The neurocircuitry associated with the development of incentive salience includes structures within the basal ganglia (5). When the ventral striatum is activated, striatal-pallidal-thalamocortical loops are engaged and then involve the dorsal striatum; these circuits underlie the development of habit formation (40). Relevant synaptic alterations include alpha-amino-3-hydroxy-5-methyl-4-isoxazolepropionic acid (AMPA) and glutamate-modulated N-methyl-D-aspartate (NMDA) receptors in projections from the PFC and amygdala to the ventral tegmental area and nucleus accumbens (47-49), and changes to the metabotropic glutamate receptor subtype 2 (mGluR2), such that mGluR2 loss in corticoaccumbal circuitry may lead to increased risk for relapse (50). As conditioned cues engage these circuits, the patient progresses through the addiction cycle; these circuits also mediate drug craving and compulsive use upon exposure to cues and/or stress that constitute behavioral expressions of addiction. In multiple ways, progression to addiction involves dopamine receptors, including (a) changes in tonic dopamine cell firing resulting in lower, stable dopamine levels in projections to the PFC, largely mediated by D1 receptors (51, 52); and (b) inhibition of cyclic adenosine monophosphate (cAMP) signalling by D2 receptors (53, 54). Data also suggests a role for D3 receptors, which are co-located in the nucleus accumbens with D1 receptors (55).

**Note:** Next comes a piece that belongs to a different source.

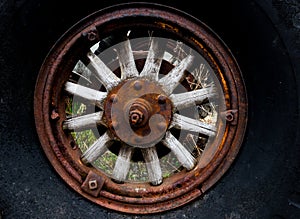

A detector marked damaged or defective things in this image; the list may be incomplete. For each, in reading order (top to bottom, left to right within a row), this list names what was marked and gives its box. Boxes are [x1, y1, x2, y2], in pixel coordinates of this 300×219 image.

rusty metal rim [34, 1, 247, 214]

Increased incentive salience of drug-related stimuli is observed both in addicted and at-risk individuals. In individuals addicted to alcohol, presentation of alcohol cues induces craving for alcohol and is predictive of relapse (56, 57). Treatment aimed at extinguishing cue reactivity to alcohol reduced fMRI activation in the left ventral striatum, an area associated with reward, in the treatment group compared to controls (58). In an example of convergence between animal and human addiction models, correlation between decreased D2 expression and drug preference in rodents is paralleled by positron emission tomography (PET) findings of decreased D2 receptor availability in striatum among individuals addicted to cocaine (59) and alcohol (60) as well as increased D2 availability in striatum in non-alcoholic family members of alcoholics (61). However, research using postmortem brains from alcoholics found alterations in D1 and DA transporter binding, but not D2 (62). Further, abstinent individuals with AUDs have increased activation of the ventral striatum in response to alcohol cue presentation, an association not found among individuals without alcohol addiction (63). Similarly, heavy drinking individuals without an AUD diagnosis showed increased BOLD activation in the bilateral insula and left ventral striatum to alcohol cues when compared to light drinking individuals (64). These data suggest recruitment of incentive salience-reward networks accompanying addiction and heavy use. Finally, a meta-analysis including 176 studies identified common neural pathways for both natural rewards, e.g., food, sex, and drug cue-induced craving, implying that the development of incentive salience relates to neural networks associated with processing for non-drug rewards, affect, and memory (65).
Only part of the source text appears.